▶ _EXERCISE OBJECTIVE_: Exactly how many lines in the entries contain "Kitchen"? Give that number alone.

▶ _MATERIAL SUPPLIED_:

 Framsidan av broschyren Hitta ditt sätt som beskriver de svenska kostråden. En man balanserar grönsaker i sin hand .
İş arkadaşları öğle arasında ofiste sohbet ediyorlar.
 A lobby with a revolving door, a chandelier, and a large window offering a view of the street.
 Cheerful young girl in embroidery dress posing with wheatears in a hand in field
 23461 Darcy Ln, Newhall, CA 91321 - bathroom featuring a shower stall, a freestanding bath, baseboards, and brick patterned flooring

==

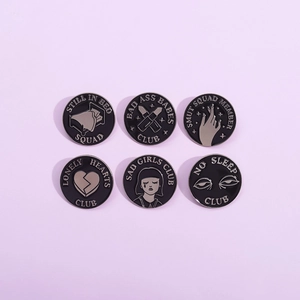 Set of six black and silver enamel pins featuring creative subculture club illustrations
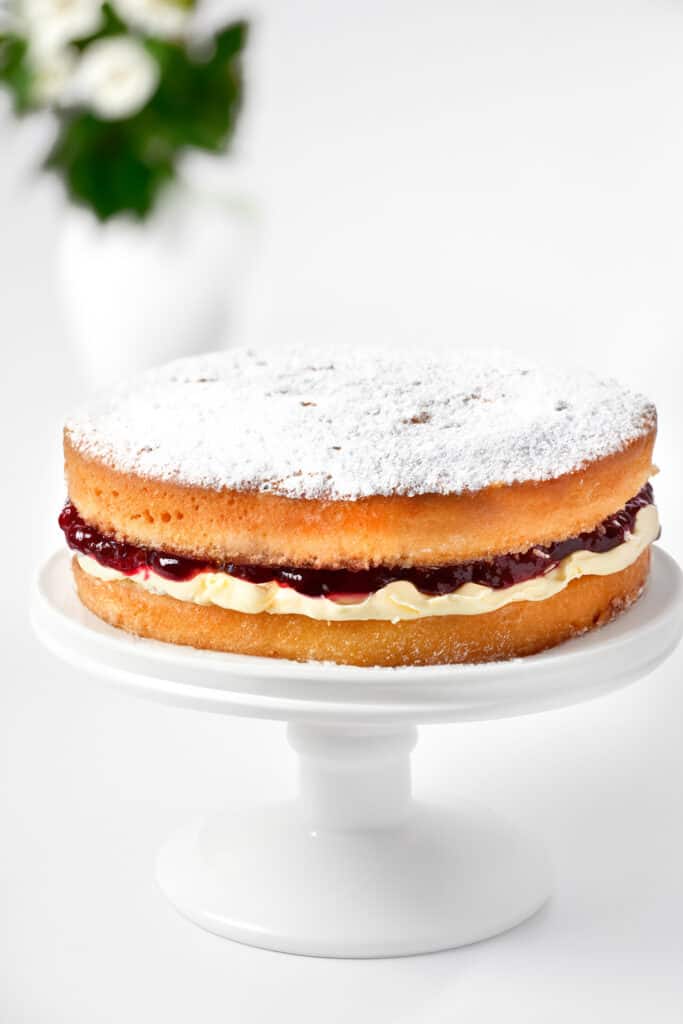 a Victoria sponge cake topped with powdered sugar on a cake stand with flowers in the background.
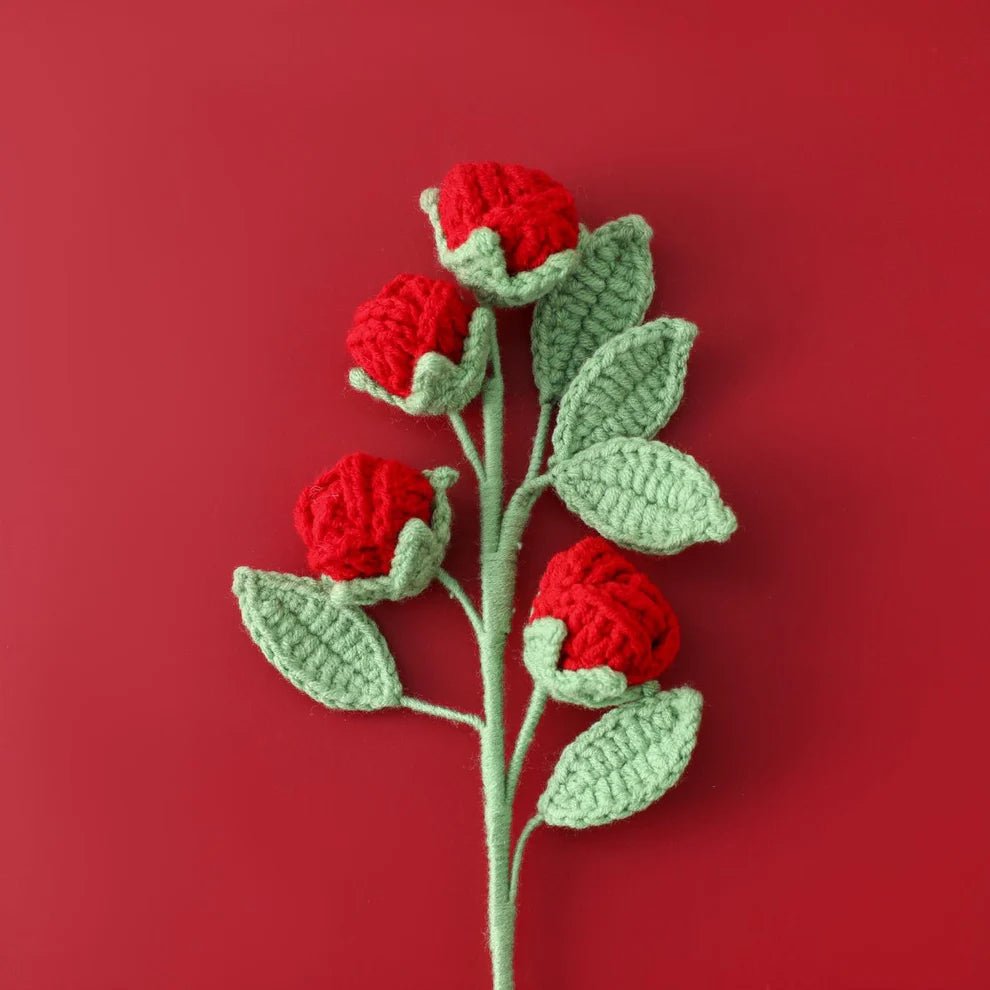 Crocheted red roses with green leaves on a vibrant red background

* * *

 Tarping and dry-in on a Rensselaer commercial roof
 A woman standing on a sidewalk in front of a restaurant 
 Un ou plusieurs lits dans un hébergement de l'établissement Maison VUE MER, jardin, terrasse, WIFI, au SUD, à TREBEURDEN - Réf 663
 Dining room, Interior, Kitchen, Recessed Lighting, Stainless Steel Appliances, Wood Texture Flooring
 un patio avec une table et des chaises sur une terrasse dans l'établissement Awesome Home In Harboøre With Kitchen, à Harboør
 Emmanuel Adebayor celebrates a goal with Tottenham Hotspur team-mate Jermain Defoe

▶ _RESPONSE TO THIS EXERCISE_: 2